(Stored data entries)
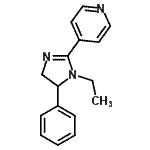 CAS#: 86002-64-4， 4-(1-Ethyl-5-phenyl-4,5-dihydro-1H-imidazol-2-yl)pyridine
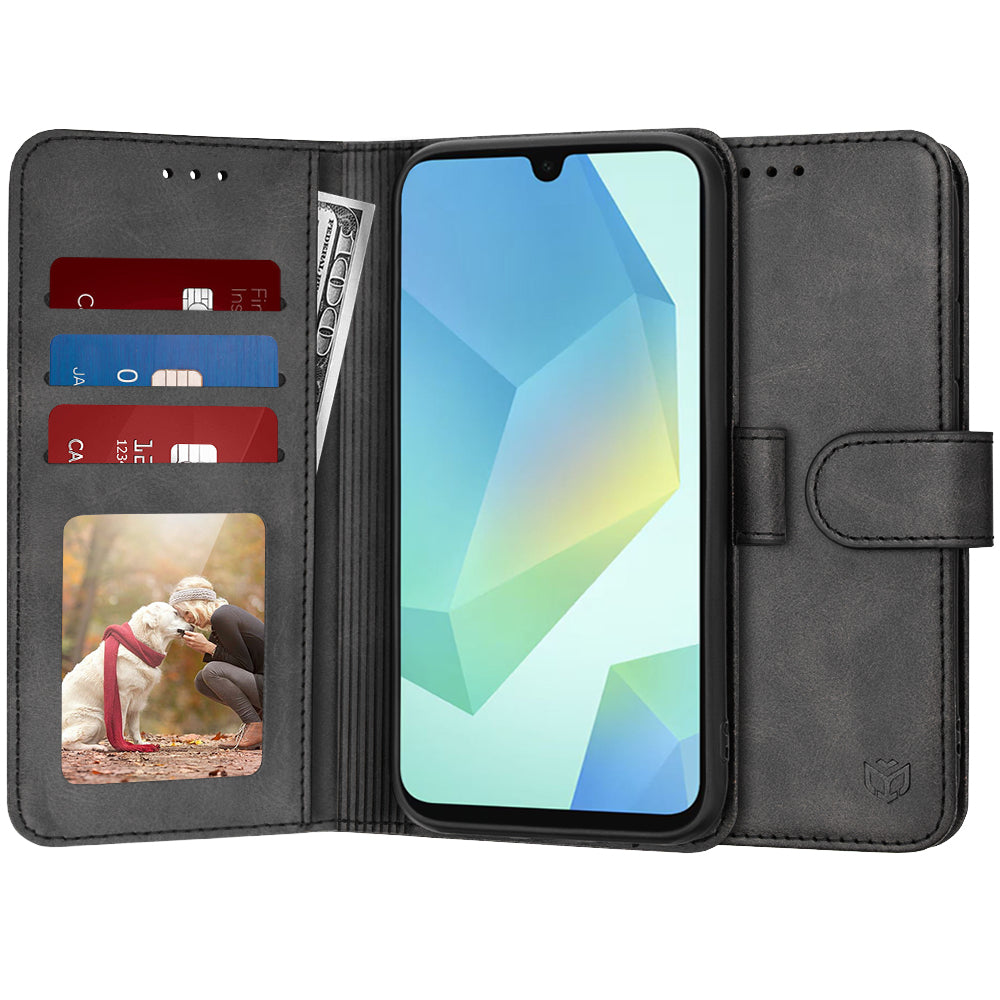 Cover til Samsung Galaxy A16 5G A166 / A16 4G A165, Techsuit, Diary Book, Sort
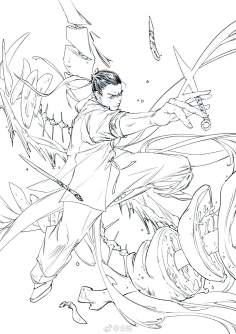 角色设计--速写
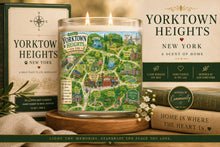 Load image into Gallery viewer, Custom Hometown Map Candle | Personalized Town Map Gift | Housewarming Gift | Realtor Closing Gift | New Home Gift | Soy Candle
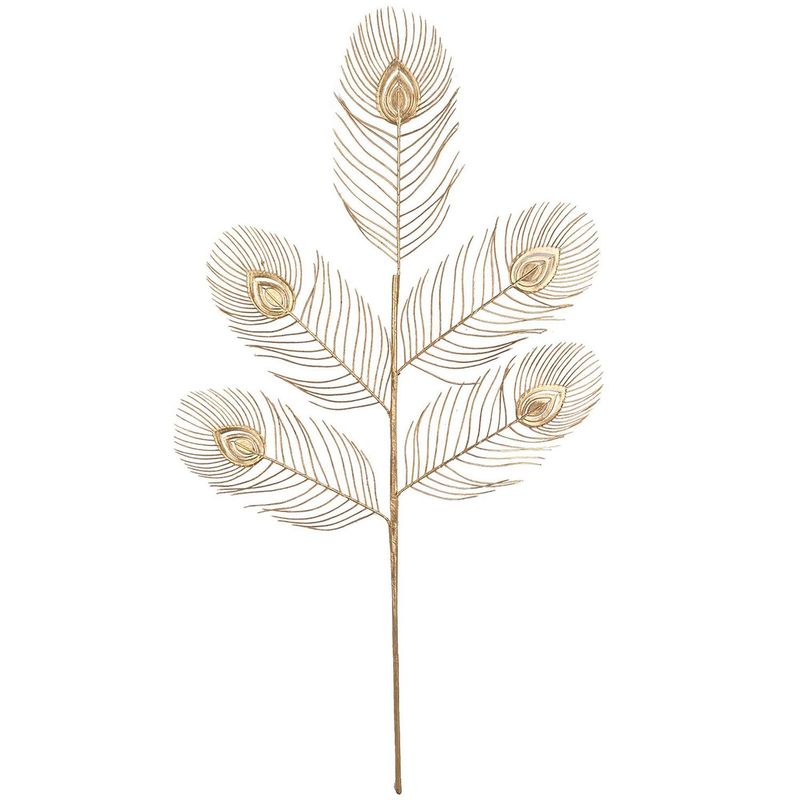 DEAR SANTA - Spray Plumas Doradas 65cm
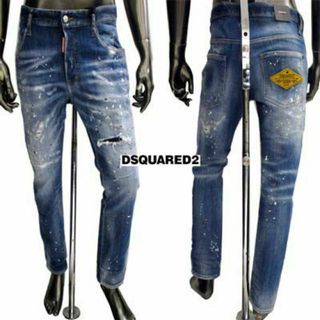 ディースクエアード(DSQUARED2)のディースクエアード ペイント/クラッシュリペア加工　クラッシュデニム　　M〜L(デニム/ジーンズ)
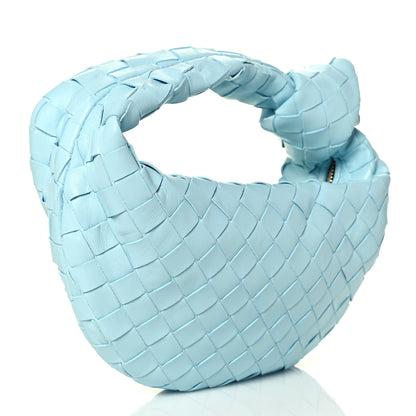 Bottega Veneta Nappa Intrecciato Mini Jodie Teal Washed 3 of 11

» **What is needed**:
Copy out the lines above in full and unaltered, apart from the pictures.

» **Answer for the task**:
 CAS#: 86002-64-4， 4-(1-Ethyl-5-phenyl-4,5-dihydro-1H-imidazol-2-yl)pyridine
 Cover til Samsung Galaxy A16 5G A166 / A16 4G A165, Techsuit, Diary Book, Sort
 角色设计--速写
 Load image into Gallery viewer, Custom Hometown Map Candle | Personalized Town Map Gift | Housewarming Gift | Realtor Closing Gift | New Home Gift | Soy Candle
 DEAR SANTA - Spray Plumas Doradas 65cm
 ディースクエアード(DSQUARED2)のディースクエアード ペイント/クラッシュリペア加工　クラッシュデニム　　M〜L(デニム/ジーンズ)
 Bottega Veneta Nappa Intrecciato Mini Jodie Teal Washed 3 of 11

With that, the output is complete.